Her gezinin bir bahanesi vardır. New York gezisinin bahanesi ise dünyanın en prestijli çikolata markası olan Godiva’nın yeni yıl vitrinlerinin hazırlanışı izlemek, yeni ürünlerin tadına bakmaktı. Bütün dünyada bilinen, en ünlü mağazalarda, pastanelerde başköşede yer alan bu çikolataya ilgi duymamızın nedeni, bu markanın bir Türk firmasına ait olmasıydı. Bu dünya markasını, Yıldız Holding (Ülker) satın almıştı. 90 yıl önce Belçikalı Pierre Draps’ın kurduğu Godiva’nın, bugün 19 ülkede 750’den fazla mağazası var. 282 mağaza ile Japonya başı çekiyor.
Onu 206 mağaza ile Kuzey Amerika, 48 mağaza ile Pasifik ülkeleri, 12 mağaza ile Türkiye, 7 mağazayla Avrupa izliyor.
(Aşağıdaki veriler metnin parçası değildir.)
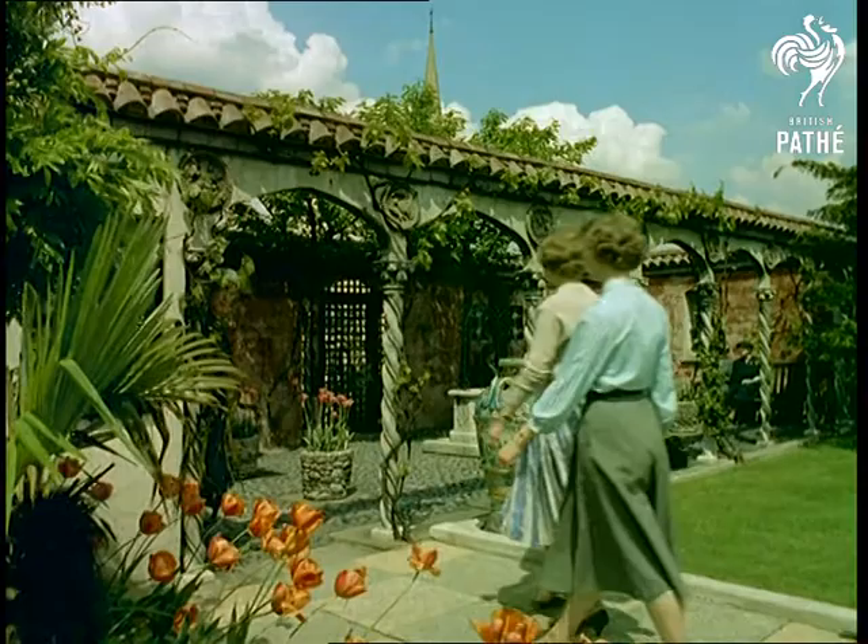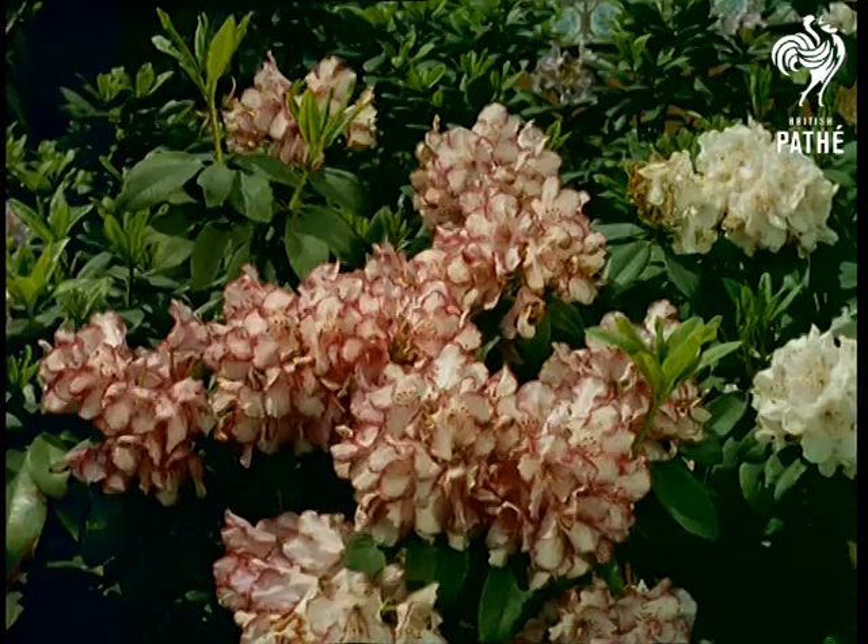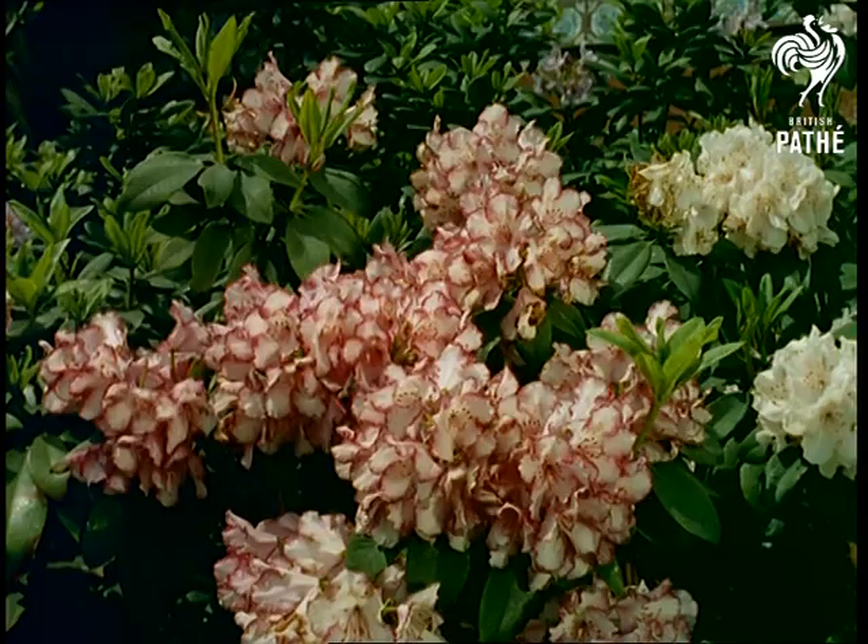Few sights gladden the heart more than a carefully tended garden, and the pride and joy of many British gardeners might well pale beside this superb example of a formal Spanish garden, as graceful and as typical of Spain as a mantilla.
Murat Ülker, yatırım hedeflerinde Çin ve Hindistan olduğunu belirtiyor. Şimdiye kadar Çin’de 100 mağaza açılmış, bu rakama her hafta bir mağaza ekleniyormuş. Diğer mağazalar gibi Godiva da yeni yıl için hem satış noktalarını süsleyip püslemiş hem de koleksiyonuna yeni lezzetler eklemiş. Yeni Yıl Koleksiyonu Çaykovski’nin Fındıkkıran Balesi’nden esinlenerek hazırlanmış. Koleksiyonun tasarımcısı ise bir Özbek!
Çikolata gezisinin en heyecanlı tabii ki tadım bölümüydü. Godiva’nın ürünlerinin tadına tüm dünyada 7 şef karar veriyor. Bizim katıldığımız tadımı, bu şeflerin en kıdemlisi olan Belçikalı Thierry Muret yönetiyordu. Söylediğine göre Godiva yılda 30-40 yeni ürün çıkartıyormuş. Bu yeni ürünlere karar verirken, ülkelerin damak tatları göz önünde bulunduruluyormuş. Yeşil çay, gül yaprağı, zeytinyağı, pembe Himalaya tuzu, chili biber, bazı baharatlar katarak çok değişik çikolatalar üretiliyormuş.
Godiva’nın yeni koleksiyonundaki çikolataları tararken kendimden geçtiğimi söyleyebilirim. Kiminde çay ve meyve tadı, kiminde kahve çağrışımları, kiminde kek dokusu, kiminde kışın simgesi kestanenin tadı, kiminde fındık kiminde portakal tadı vardı. Tabii bir de bunları dünyada ilk yiyenlerin arasında olmanın hazzı.
Dünya markası Godiva’nın Türk patronu Murat Ülker, gelecek ilgili planlarını şöyle özetledi: “Özellikle Kuzey Amerika’da mağazalarımızı insanların oturup yiyip içeceği kafeler haline getireceğiz. Bu, şu anda Türkiye ve Ortadoğu’da gerçekleştirdiğimiz bir uygulama. Mağazalarda pastalar, kekler, hamurlu ürünler de bulunacak. Yani sabah 10’dan akşam 10’a kadar yenebilecek ürünlerle zenginleştirebileceğimiz mönüler hazırlanacak.”